State Rep. Steve Riggs just released a statement calling for the Metro Council to improve discretionary spending practices:
“It has become evident that there needs to be much clearer policy of how much lee-way council members have when it comes to the taxpayer dollars they spend or personally oversee,” said Rep. Riggs. “The rule seems clear to me: If a project or event doesn’t serve a broad public purpose, then they should not look to the taxpayer for funding. Providing lunch or beverage to citizen volunteers who work to clean up a highway or stream is certainly acceptable, even encouraged, but paying for an event or reception with tax dollars that accomplishes nothing but promoting a local official or rewarding those close to them should be out-of-bounds.”
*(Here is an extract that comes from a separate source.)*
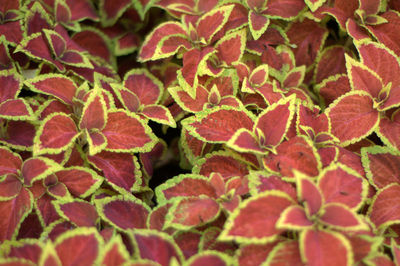 Full frame shot of fresh green leaves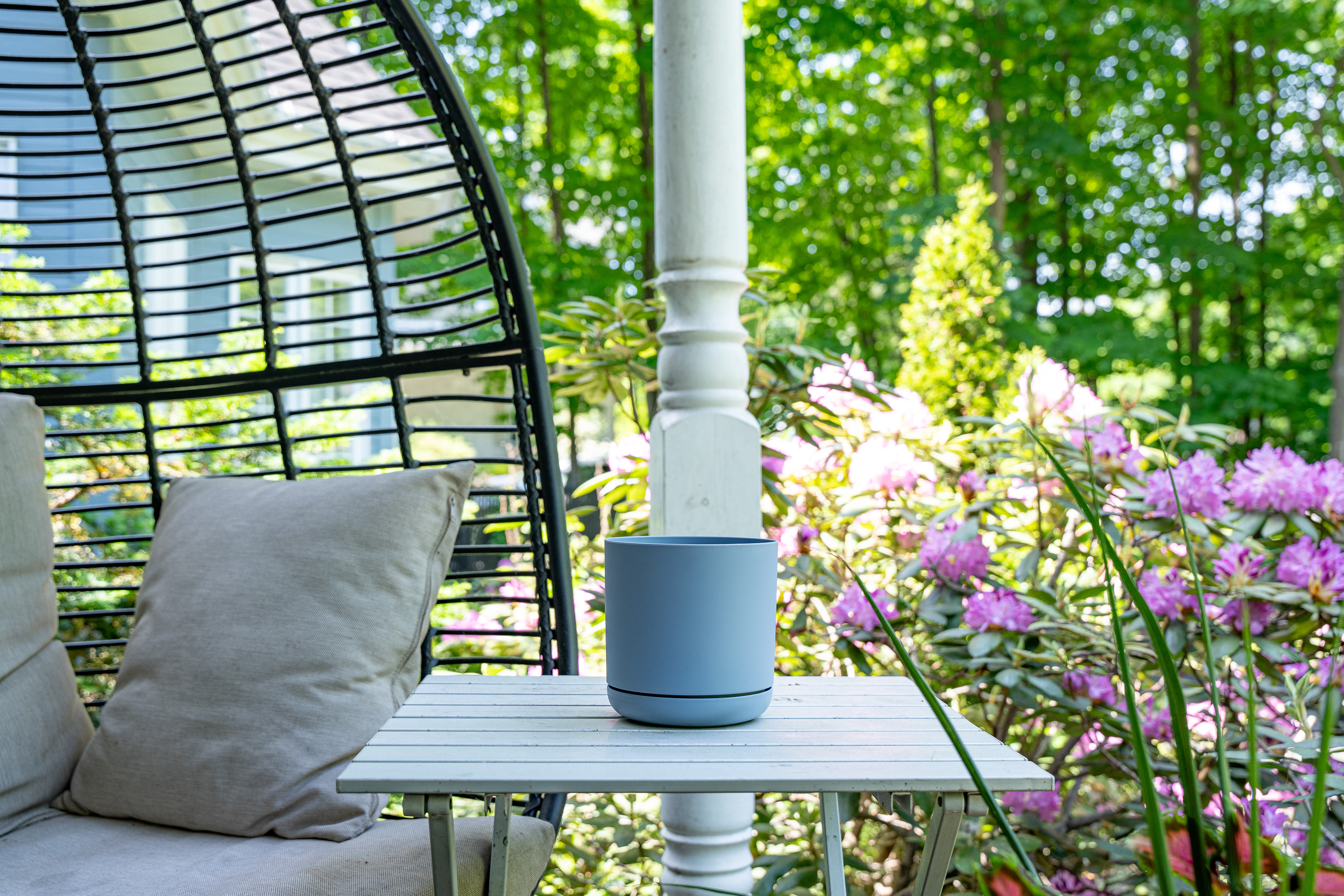 Picture: Enzo Gabrielloni Rossi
Rep. Riggs said the state Constitution provides guidance for the council. “Section three says that there can be no grant of privileges to anyone ‘except in consideration of public services.’ Providing a barbecue or party just for the sake of feeding constituents for free does not fit that definition. If these events are allowed now, the council needs to consider changing their rules so that it conforms to the spirit of the Kentucky Constitution and statute.
Rep. Riggs added that he has asked his staff to look into the issue, and that if the council does not take appropriate action to be more judicious, his committee could consider what steps the state should take next.
Unfortunately, Riggs decided to ignore the massive pot of free cash the mayor gets to play with each year. Hopefully he’ll correct his plea for action to include those funds.